David Walsh-Kemmis, the owner of Ballykilcavan Brewery in Stradbally, has complained about not being able to sell his beers at the Electric Picnic
The choice for Electric Picnic goers was Heineken products, which has been an “official partner” of the festival for many years. To paraphrase Henry Ford, you can have any beer at Electric Picnic as long as its from the Heineken portfolio, which includes Heineken, Heineken 0.0, Birra Moretti, Orchard Thieves and Murphy’s stout. If you like craft beer, you are out of luck.
“I have to stand over the quality of our beer,” he says. “You spend years building up a business and then somebody comes in with a big platform, a lot of power and says he doesn’t like the beer. Even if he wanted to, he couldn’t supply all of Electric Picnic. A concession with three or four beer lines would be enough, he states. “If we got 1 per cent of sales of Electric Picnic, I’d retire.
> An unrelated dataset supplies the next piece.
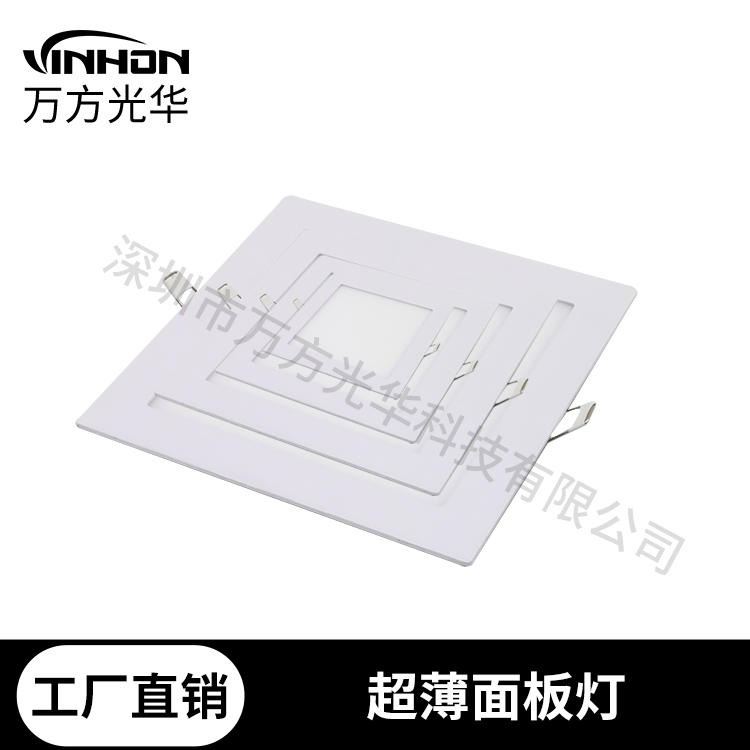 厂家货源方形面板灯 面径145mm开孔125mm暗装面板灯 9wled面板灯  万方光华面板灯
It would be huge for us,” he says.
The David v Goliath nature of the tiny microbrewery against the big festival is a microcosm of the problems small craft beer brewers and distilleries have against the two biggest players in the Irish market, Diageo and Heineken. A Bord Bia report last year demonstrated that consumption of beer had fallen 2.1 per cent since 2017, but Irish craft beer sales climbed 13.5 per cent over the same period.
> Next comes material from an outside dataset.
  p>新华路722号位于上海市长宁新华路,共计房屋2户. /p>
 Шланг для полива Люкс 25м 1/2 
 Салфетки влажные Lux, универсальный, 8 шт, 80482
“It was a massive blunder to take up more space in pubs when every Irish brewery has at least one stout,” says Mr Donnelly. “Nobody was drinking it. Publicans couldn’t give away free kegs.” One pub in Cork had 19 of 21 taps from the same beer company. How could that be, he asked. A subsidiary of Heineken had been fined in Greece “in the tens of millions” for anticompetitive practices. Such practices should be investigated more vigorously in Ireland, he suggested.The Independent Craft Brewers of Ireland has set up a working group on anticompetitive practices headed by Richard Siberry of Black Donkey Brewing.